Monday, October 28, 2024

Kickstarters, Early Access, Free Stuff And Existential Despair.


Last Friday I sat down to do a grab-bag post, then ended up writing about some TV shows I'd been watching instead. I guess that means that, at the time, I must have had several things I wanted to talk about but now, just a few days later, I have no idea what they might have been. 

I haven't thought of anything new worth posting about since then, either. I've got nothing. Still, that never stopped me before. 

Pantheon: Rise of the Fallen is barely a month away from going into Early Access. Visionary Realms released a forty-seven minute Q&A video that's literally a black screen with a woman in the bottom left corner and a man's head floating over her right shoulder like some kind of ghost-balloon.

I have not watched this video.

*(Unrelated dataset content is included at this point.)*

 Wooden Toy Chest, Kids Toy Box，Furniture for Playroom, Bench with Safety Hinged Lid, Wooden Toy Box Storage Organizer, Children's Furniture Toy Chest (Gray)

It is not a thing you watch. 

I did try listening to it instead, leaving it on in the background while I did other things, but I found it impossible to remember anything either of them said even thirty seconds after they'd said it so I gave up. Here it is if you want to try.

Fortunately, some unfortunate staffer at MMOBomb somehow managed to get through the whole thing to pick out the salient points for the uncommitted. They are few. Perhaps the only really interesting note is that there will be an announcement about a Steam version of the game sometime next week, which is now this week, so I look forward to that.

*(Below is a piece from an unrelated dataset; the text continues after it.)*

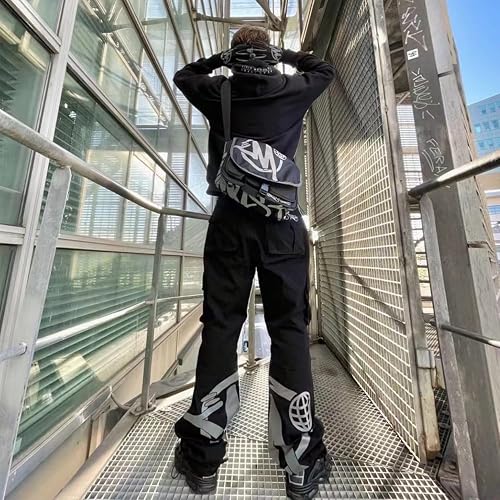 KOBPT High Waist Baggy Jeans Mens Y2K Minus Two Cargo Pants New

I was very unimpressed by the little I saw of the game in the open weekend a while back but even so I'm still willing to pay a small sum for what will most likely end up being a couple of years of non-subscription access during the EA period. I'm waiting for details of the specific EA packages and confirmation of the cost involved, something I would like to know before the current Pledges go away.

As it stands, you can still pledge, which automatically gets you full EA access. The lowest cost Pledge is $50. It's hard to imagine the basic EA access will be more than that but it could be less. Also, if there are going to be separate clients/logins for the Visionary Realms client and the Steam client, I would probably want to play through Steam so I'm doing nothing until I hear more about how that's going to work. 

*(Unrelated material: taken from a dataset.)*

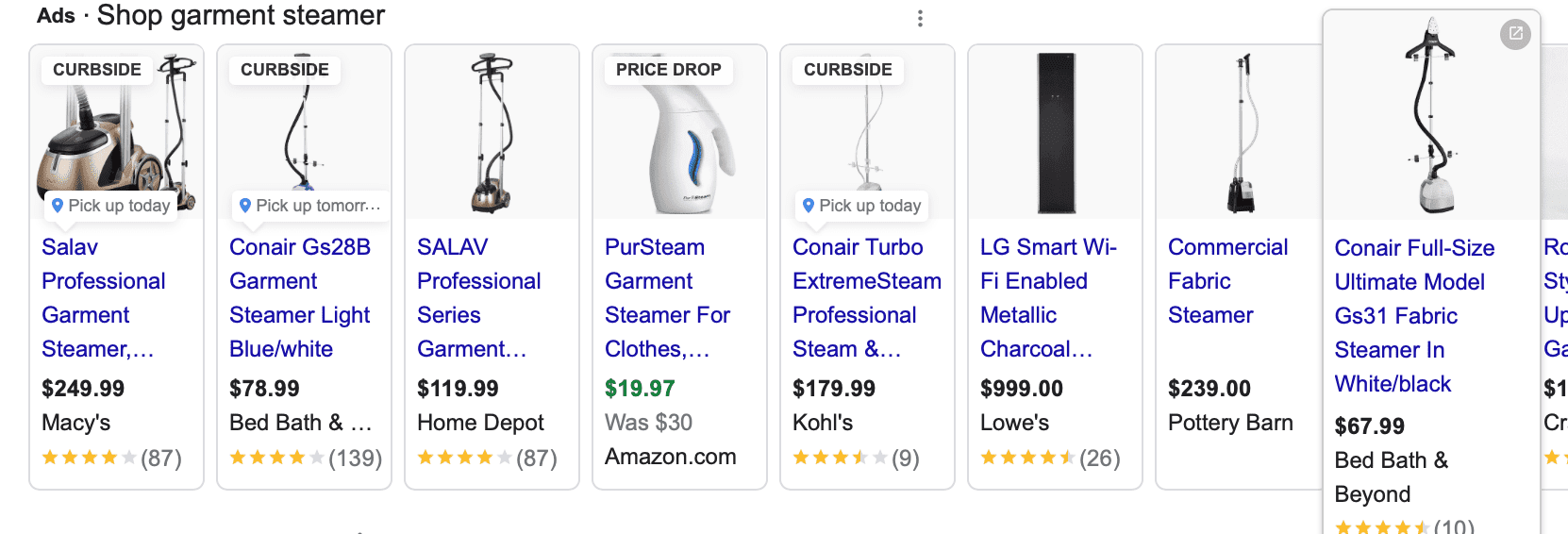 google shopping ads for garment steamer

Noiramore Academy's Kickstarter has reached 50% funding with ten days still to go. Developer Ink Rose was kind enough to leave a comment here a few days ago, the second time a dev has dropped by to comment on a Next Fest post this time around, the other being Mendoka, creator of Spire Horizon Online. And they say no-one reads blogs any more!

If anyone's on the fence about whether to give Noiramore Academy a look, something I highly recommend because it's a very classy piece of work indeed, the demo is still available. Spire Horizon Online's isn't but the MMORPG is set to release in early December and the single-player version is out already.

Ink Rose also has a series of devlogs on YouTube, detailing the ups and downs of game development along with a lot of technical info about the making of Noiramore Academy itself. I think these would be of interest to anyone who finds the process of game development intriguing, mysterious or both. She certainly has a better idea how to make a video enjoyable to watch than Visionary Realms, that's for sure. 


Once Human, like a lot of free-to-play games, gives out quite a few codes for free stuff. Starry, the developer, already throws a ton of freebies my way through the in-game mail but while I was looking something up the other day, I happened upon this website, which handily collates the out-of-game codes in a simple and straightforward table with expiry dates.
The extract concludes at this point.